What foul play had we that we came from thence?
Or blessed was’t we did?The Tempest, Act 1, Scene 2
In Pericles Cleon and Dionyza are talking about covering up the apparent murder of Pericles’ daughter:
CLEON: Were I chief lord of all this spacious world,
I’d give it to undo the deed. A lady
Much less in blood than virtue, yet a princess
To equal any single crown o’ th’ Earth
I’ the justice of compare. O villain Leonine,
Whom thou hast poisoned too!
If thou hadst drunk to him, ’t had been a kindness
Becoming well thy face. What canst thou say
When noble Pericles shall demand his child?DIONYZA: That she is dead. Nurses are not the Fates.

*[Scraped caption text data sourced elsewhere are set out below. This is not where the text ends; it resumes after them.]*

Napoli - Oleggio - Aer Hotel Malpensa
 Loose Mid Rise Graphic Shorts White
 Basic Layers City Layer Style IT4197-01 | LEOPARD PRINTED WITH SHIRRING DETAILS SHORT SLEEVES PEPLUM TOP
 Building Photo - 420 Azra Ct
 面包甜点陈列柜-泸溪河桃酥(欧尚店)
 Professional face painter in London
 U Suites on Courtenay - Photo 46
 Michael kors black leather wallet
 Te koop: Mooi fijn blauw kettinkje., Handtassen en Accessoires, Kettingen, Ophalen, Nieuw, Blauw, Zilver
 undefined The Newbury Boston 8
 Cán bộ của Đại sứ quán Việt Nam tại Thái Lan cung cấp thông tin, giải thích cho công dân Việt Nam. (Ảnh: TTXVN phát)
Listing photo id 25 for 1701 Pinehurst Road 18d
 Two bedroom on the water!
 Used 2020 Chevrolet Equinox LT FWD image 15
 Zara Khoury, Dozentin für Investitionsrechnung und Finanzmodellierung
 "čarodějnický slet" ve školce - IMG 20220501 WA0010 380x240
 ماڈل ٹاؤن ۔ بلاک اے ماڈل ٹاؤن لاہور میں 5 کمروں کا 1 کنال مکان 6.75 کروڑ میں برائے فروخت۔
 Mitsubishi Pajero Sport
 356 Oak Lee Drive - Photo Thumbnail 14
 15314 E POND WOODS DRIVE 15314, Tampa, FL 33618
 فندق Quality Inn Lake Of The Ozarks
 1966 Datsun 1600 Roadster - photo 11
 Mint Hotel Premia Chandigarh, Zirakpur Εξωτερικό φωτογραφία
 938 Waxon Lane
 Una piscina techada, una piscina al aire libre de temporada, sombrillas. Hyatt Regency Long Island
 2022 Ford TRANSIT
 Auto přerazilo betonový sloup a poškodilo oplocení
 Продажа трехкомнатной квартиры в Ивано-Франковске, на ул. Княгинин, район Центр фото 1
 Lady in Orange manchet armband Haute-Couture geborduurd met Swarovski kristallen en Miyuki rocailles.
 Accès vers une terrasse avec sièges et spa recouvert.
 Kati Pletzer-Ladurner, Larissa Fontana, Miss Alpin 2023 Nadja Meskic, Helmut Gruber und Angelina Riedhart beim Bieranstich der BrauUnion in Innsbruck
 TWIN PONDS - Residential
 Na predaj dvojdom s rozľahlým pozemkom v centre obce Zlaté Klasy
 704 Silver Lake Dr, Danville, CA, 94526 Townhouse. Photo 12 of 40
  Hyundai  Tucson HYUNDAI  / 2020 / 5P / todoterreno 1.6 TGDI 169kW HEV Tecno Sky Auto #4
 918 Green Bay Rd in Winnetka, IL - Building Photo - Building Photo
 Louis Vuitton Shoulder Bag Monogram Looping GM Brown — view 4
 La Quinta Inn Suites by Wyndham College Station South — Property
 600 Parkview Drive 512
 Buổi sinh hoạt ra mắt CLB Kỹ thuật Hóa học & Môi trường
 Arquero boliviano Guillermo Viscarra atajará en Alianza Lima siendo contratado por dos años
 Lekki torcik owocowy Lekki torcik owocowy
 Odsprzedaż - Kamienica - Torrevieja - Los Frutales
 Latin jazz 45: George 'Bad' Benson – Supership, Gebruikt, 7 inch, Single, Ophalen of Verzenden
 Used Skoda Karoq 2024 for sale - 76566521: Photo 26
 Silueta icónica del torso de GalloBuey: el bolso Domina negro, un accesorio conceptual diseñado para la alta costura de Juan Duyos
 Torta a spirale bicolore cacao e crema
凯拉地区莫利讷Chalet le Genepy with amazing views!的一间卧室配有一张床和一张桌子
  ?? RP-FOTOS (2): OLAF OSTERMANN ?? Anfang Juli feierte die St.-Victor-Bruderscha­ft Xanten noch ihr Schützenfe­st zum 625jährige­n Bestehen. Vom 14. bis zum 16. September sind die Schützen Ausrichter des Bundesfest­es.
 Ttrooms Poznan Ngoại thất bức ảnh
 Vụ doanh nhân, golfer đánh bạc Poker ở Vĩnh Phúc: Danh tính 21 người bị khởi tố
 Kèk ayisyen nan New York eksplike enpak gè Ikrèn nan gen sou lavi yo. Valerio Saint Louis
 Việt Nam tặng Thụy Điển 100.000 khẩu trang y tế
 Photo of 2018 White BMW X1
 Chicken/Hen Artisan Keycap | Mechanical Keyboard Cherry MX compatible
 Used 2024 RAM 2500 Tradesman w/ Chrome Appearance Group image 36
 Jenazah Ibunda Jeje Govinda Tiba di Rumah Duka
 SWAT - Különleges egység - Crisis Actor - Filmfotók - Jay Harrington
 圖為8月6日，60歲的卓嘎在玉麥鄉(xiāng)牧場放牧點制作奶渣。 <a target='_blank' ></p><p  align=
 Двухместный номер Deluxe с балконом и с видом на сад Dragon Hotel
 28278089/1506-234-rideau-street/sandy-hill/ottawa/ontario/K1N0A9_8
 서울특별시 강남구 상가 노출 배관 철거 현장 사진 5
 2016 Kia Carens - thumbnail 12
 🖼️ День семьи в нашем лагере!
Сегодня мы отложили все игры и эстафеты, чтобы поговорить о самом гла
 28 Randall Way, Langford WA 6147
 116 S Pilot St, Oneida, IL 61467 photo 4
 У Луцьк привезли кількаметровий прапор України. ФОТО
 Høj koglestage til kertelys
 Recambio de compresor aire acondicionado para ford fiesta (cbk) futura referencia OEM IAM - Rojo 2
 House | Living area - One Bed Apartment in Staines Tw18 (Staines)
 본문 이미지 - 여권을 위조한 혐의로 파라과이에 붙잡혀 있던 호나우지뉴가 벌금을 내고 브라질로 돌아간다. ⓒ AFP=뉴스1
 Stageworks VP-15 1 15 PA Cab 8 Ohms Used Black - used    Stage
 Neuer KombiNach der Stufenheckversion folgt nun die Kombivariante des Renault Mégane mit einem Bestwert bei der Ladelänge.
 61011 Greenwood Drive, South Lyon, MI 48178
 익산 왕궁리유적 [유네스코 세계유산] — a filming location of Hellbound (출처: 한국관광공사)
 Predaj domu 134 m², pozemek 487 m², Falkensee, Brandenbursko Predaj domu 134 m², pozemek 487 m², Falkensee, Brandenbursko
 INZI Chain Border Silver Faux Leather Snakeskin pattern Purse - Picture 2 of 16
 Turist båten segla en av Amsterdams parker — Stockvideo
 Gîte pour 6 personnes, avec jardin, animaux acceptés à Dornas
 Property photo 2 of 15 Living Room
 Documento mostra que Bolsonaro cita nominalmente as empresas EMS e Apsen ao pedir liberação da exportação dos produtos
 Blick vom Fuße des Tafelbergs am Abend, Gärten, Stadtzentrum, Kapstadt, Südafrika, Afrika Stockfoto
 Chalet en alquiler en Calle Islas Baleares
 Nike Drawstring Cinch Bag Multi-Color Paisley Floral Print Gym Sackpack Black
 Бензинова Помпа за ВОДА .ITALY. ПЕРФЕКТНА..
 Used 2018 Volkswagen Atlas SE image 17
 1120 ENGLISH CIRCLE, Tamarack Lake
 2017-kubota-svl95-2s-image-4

To foster is not ever to preserve.
She died at night; I’ll say so. Who can cross it
Unless you play the impious innocent
And, for an honest attribute, cry out
“She died by foul play!”Pericles, Act 4, Scene 3
Foul play in sport
Competing in sport is a highly serious business and great care is taken in all sports to make sure that everything is above board and that cheating in the actual game is eliminated. The concept of a “foul” – an action in the game that contravenes the rules in an attempt to gain an unfair advantage – came into use in almost every sport. It began with basketball.
When Dr. James Naismith invented basketball, he proposed 13 rules, which he published in 1892. Naismith stipulated in one rule that “no shouldering, holding, pushing, tripping, or striking in any way the person of an opponent shall be allowed.” These actions would be known as fouls.
A foul in football
In soccer, known by most of the world as “football,” one of the most interesting things in the area of fouls is the one unique to football – the “professional foul” – which is a carefully calculated foul that could benefit the team whose member commits the foul by breaking the rules to prevent an opponent from scoring.
A professional foul is the name given to an action in professional football that involves a player on the defending team deliberately fouling a player on the attacking side in order to stop them from scoring or getting a clear goal-scoring opportunity.
The foul will result in a free kick or penalty for the other side that may result in less chance of scoring than they would have had if they hadn’t been fouled. The player who commits the professional foul will have weighed up whether it will end up having been worth it. It may result in a caution for him with a yellow or red card but not losing the match might be the reward and will have been worth it. The referee, too, will have to weigh up the level of sanction the foul deserves. Very complicated!